--- START ---

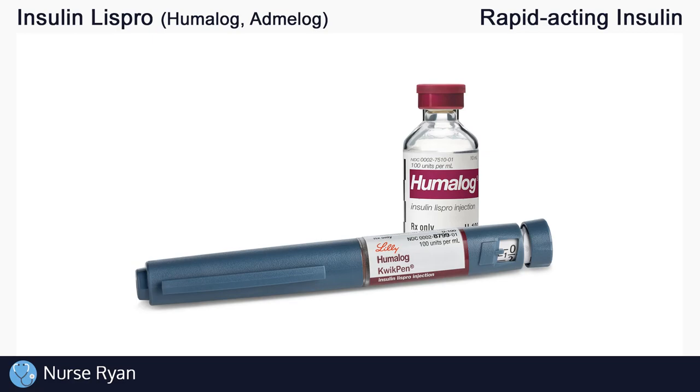Hi everyone, this is Nurse Ryan, and today we're going to be talking about Insulin Lispro, also known by the brand names Humalog and Admalog.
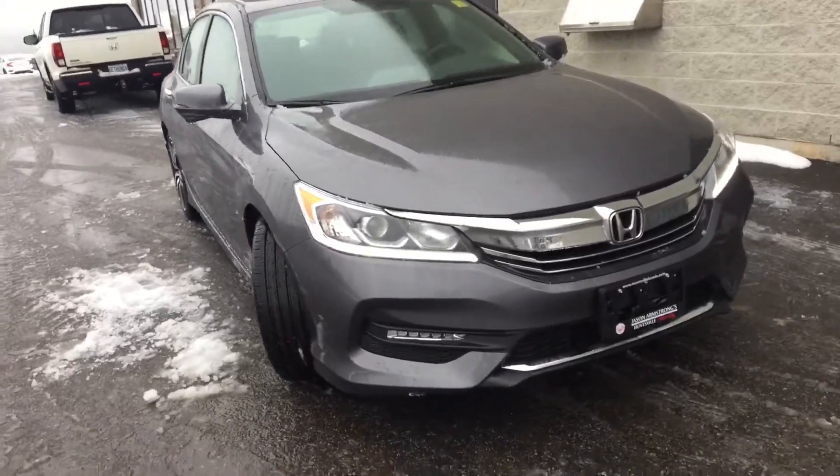Hi Michael, it's Ariel here from Huntsville Honda. I just pulled up the 2017 Accord Sport for you to have a look at. Here it is. I'll just give you a quick walk around.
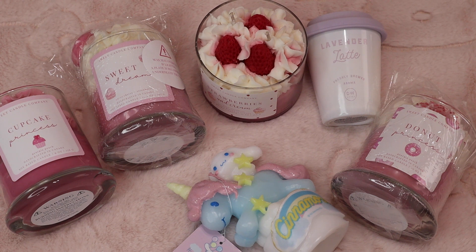Hi cuties! So I got some cute candles and I wanted to do a little haul. Some of these are from different places and I'll talk about them when I get to them. So let's go ahead and get started.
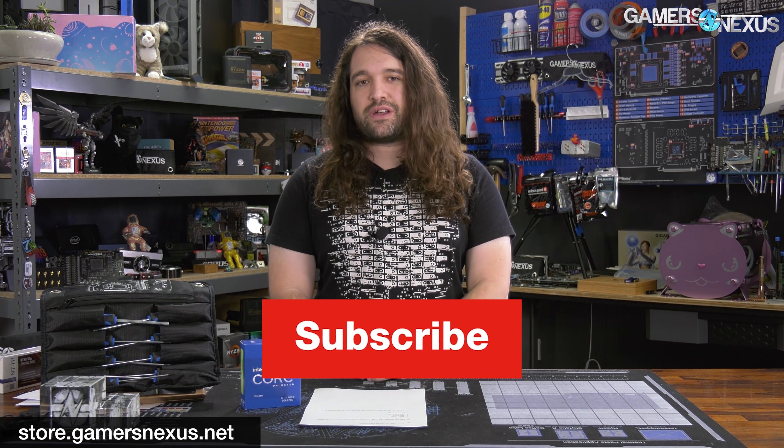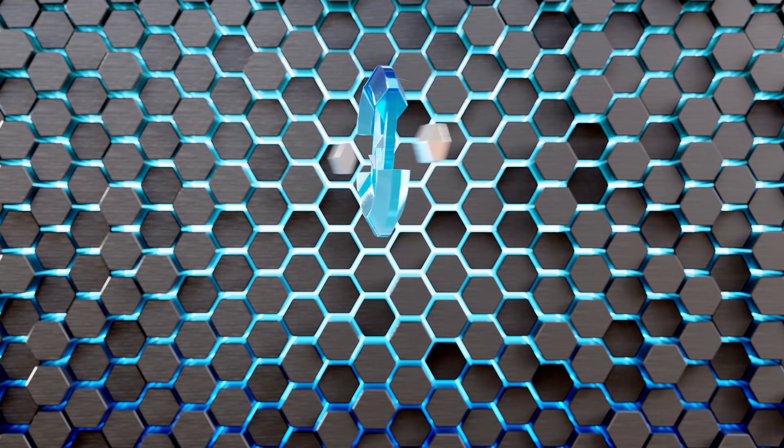That's it for this one. Thanks for watching. Subscribe for more. You can go to store.gamersnexus.net or patreon.com/gamersnexus to help us out directly. See you next time.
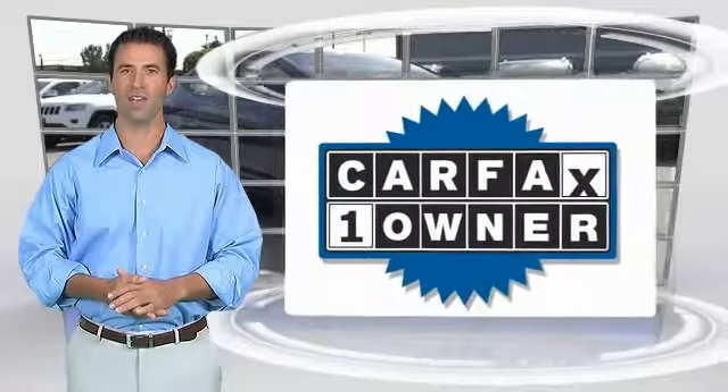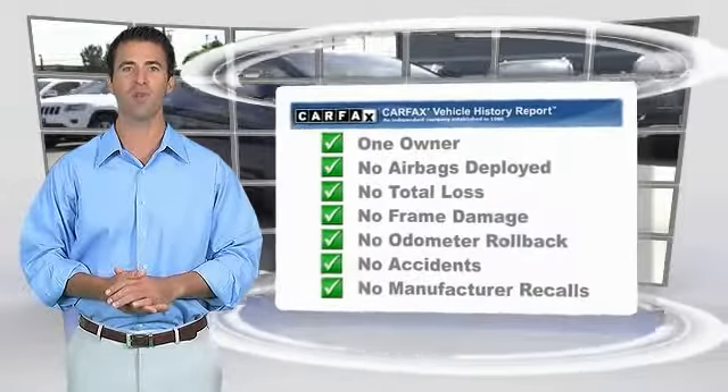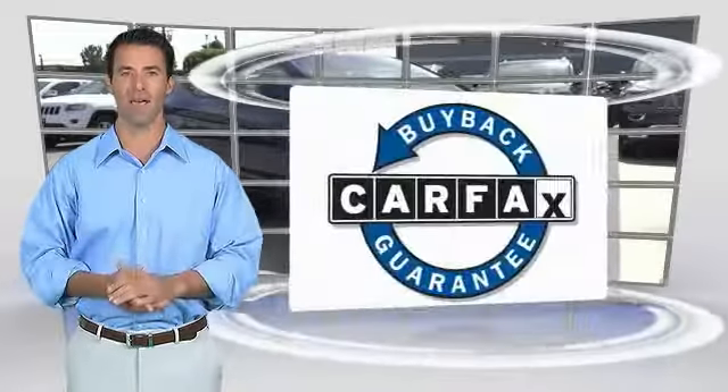This is a one-owner vehicle with the Carfax Vehicle History Report. Be sure to find a complimentary copy of this report online or contact the dealership. This vehicle qualifies for the Carfax Buyback Guarantee.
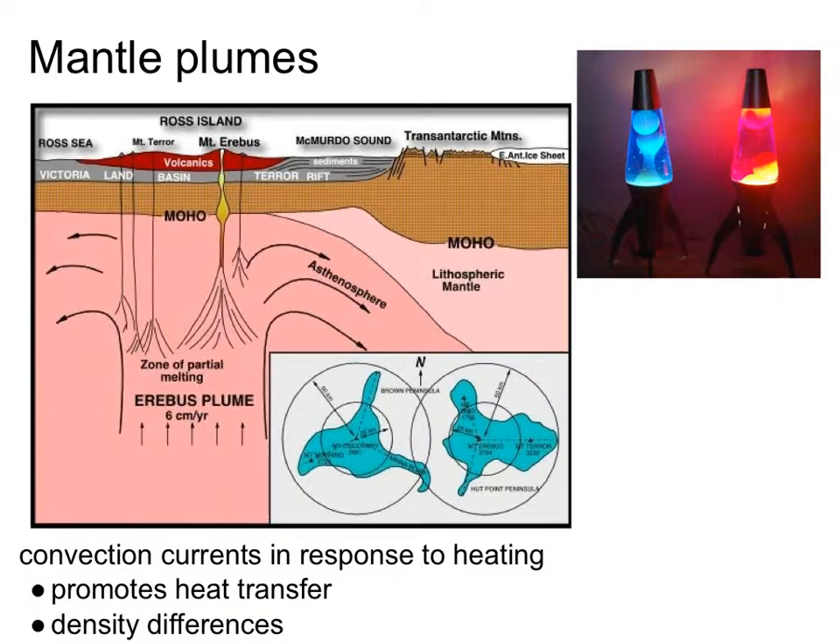On the Earth, we see this kind of process going on in the formation of the Hawaiian Islands. The Hawaiian Islands are forming on top of what is probably a plume of mantle material coming up, and it's that volcanic eruption that has led to the creation of the Hawaiian Islands. We think probably the same thing is going on with Tharsis.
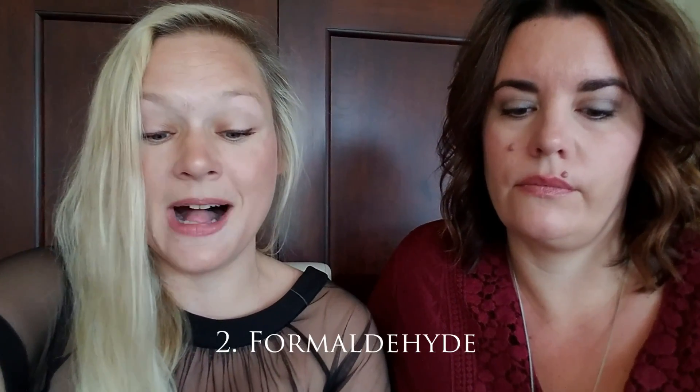Formaldehyde is found in nail polishes, shampoos, baby shampoos, and liquid body soap — and it's been linked to cancer. As an alternative, you can use safe nail polish; one of my favorites is Piggy Paint, which you can find on Amazon — it has no formaldehyde, and that's what I use on my daughter's nails. For shampoo and liquid soap, just switch to Young Living's body care line.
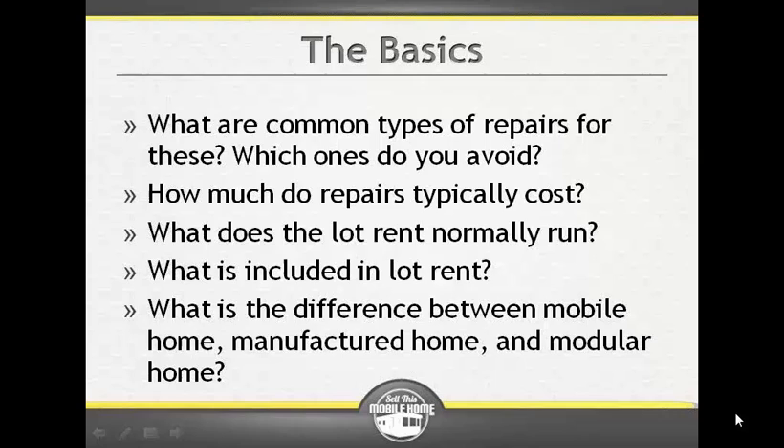A modular home is also manufactured in a plant, but it does not have a steel frame under it. It's a wood structure that is put on the back of a flatbed truck, delivered to the home site by section, placed onto a foundation, attached to a foundation in modules, and reattached together. And there you go — you've got your house. So a modular home is a bit different.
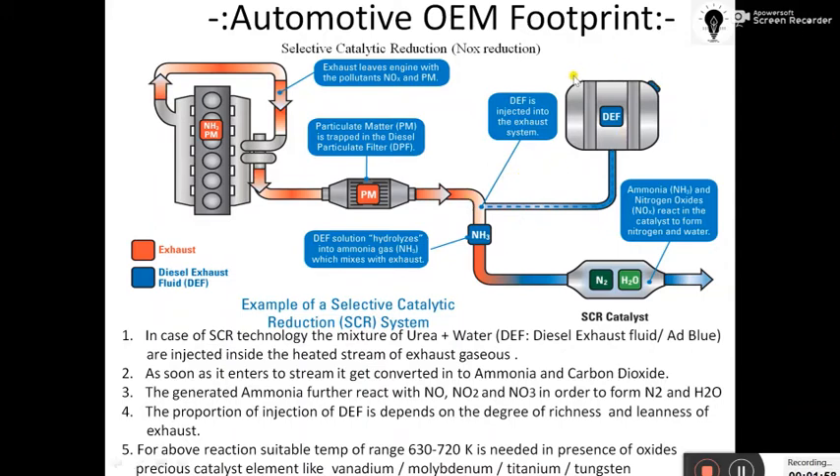The SCR device mainly consists of a DEF tank, a DEF injection system, and an SCR catalyst shell. Inside the SCR catalyst shell we have a catalyst substrate coated by vanadium, molybdenum, titanium, or tungsten metal. Just as we saw the honeycomb substrate in the three-way and two-way catalytic converters, similarly inside the shell there is a substrate coated with these metals acting as a catalyst. In front of the SCR catalyst shell, the DEF injection system is present.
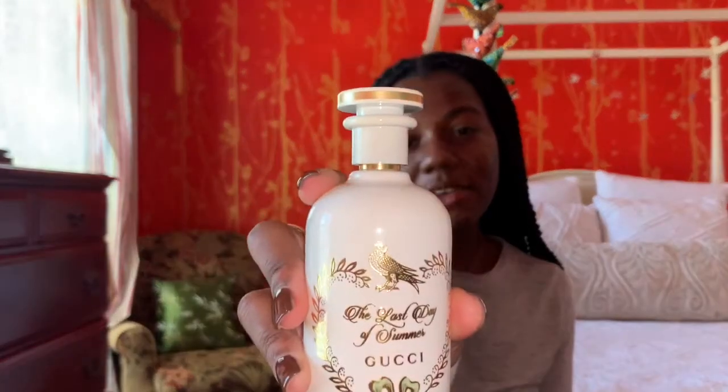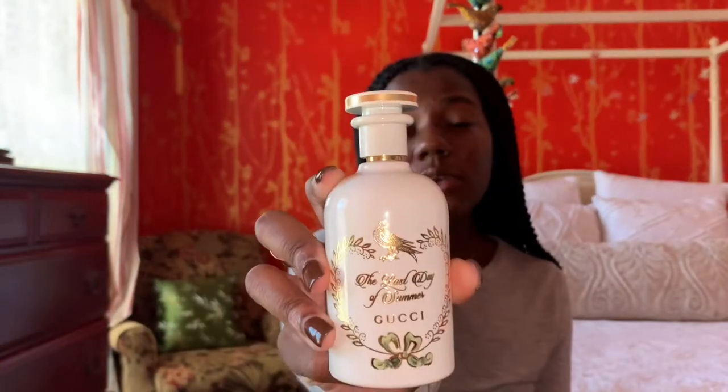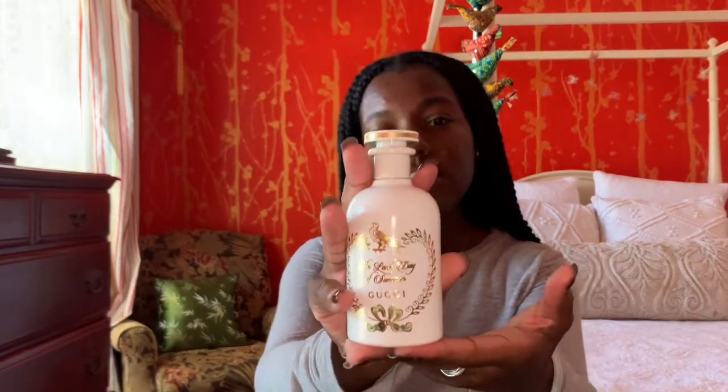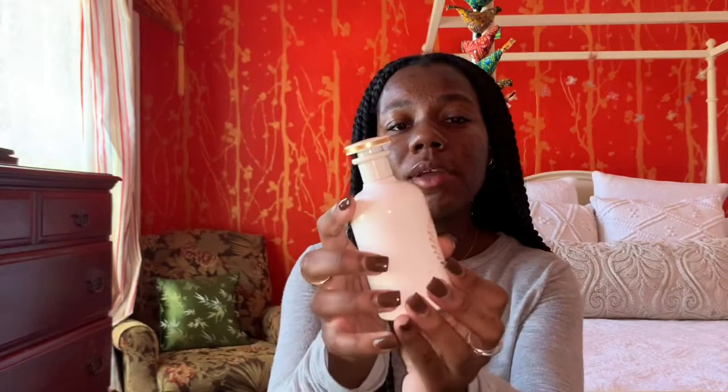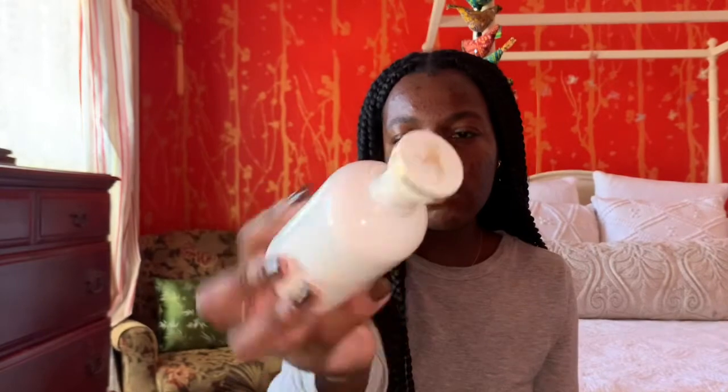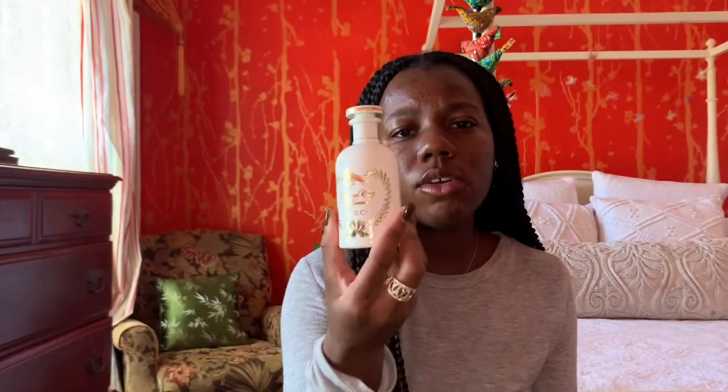This is from the Alchemist Garden Collection and this is going to be 'The Last Day of Summer.' This bottle is so gorgeous — let's just admire it for a minute because it sits so pretty on my vanity. It's a pretty glass bottle and the cap has a little bird on the top. I really love the white and gold detail. Let me show you the box it came in, because this is really pretty.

--- END ---

__EXERCISE BRIEF__: Please retype the material above exactly, and omit its images.

__REPLY__:
Hi everyone, this is Nurse Ryan, and today we're going to be talking about Insulin Lispro, also known by the brand names Humalog and Admalog.
Hi Michael, it's Ariel here from Huntsville Honda. I just pulled up the 2017 Accord Sport for you to have a look at. Here it is. I'll just give you a quick walk around.
Hi cuties! So I got some cute candles and I wanted to do a little haul. Some of these are from different places and I'll talk about them when I get to them. So let's go ahead and get started.
That's it for this one. Thanks for watching. Subscribe for more. You can go to store.gamersnexus.net or patreon.com/gamersnexus to help us out directly. See you next time.
This is a one-owner vehicle with the Carfax Vehicle History Report. Be sure to find a complimentary copy of this report online or contact the dealership. This vehicle qualifies for the Carfax Buyback Guarantee.
On the Earth, we see this kind of process going on in the formation of the Hawaiian Islands. The Hawaiian Islands are forming on top of what is probably a plume of mantle material coming up, and it's that volcanic eruption that has led to the creation of the Hawaiian Islands. We think probably the same thing is going on with Tharsis.
Formaldehyde is found in nail polishes, shampoos, baby shampoos, and liquid body soap — and it's been linked to cancer. As an alternative, you can use safe nail polish; one of my favorites is Piggy Paint, which you can find on Amazon — it has no formaldehyde, and that's what I use on my daughter's nails. For shampoo and liquid soap, just switch to Young Living's body care line.
A modular home is also manufactured in a plant, but it does not have a steel frame under it. It's a wood structure that is put on the back of a flatbed truck, delivered to the home site by section, placed onto a foundation, attached to a foundation in modules, and reattached together. And there you go — you've got your house. So a modular home is a bit different.
The SCR device mainly consists of a DEF tank, a DEF injection system, and an SCR catalyst shell. Inside the SCR catalyst shell we have a catalyst substrate coated by vanadium, molybdenum, titanium, or tungsten metal. Just as we saw the honeycomb substrate in the three-way and two-way catalytic converters, similarly inside the shell there is a substrate coated with these metals acting as a catalyst. In front of the SCR catalyst shell, the DEF injection system is present.
This is from the Alchemist Garden Collection and this is going to be 'The Last Day of Summer.' This bottle is so gorgeous — let's just admire it for a minute because it sits so pretty on my vanity. It's a pretty glass bottle and the cap has a little bird on the top. I really love the white and gold detail. Let me show you the box it came in, because this is really pretty.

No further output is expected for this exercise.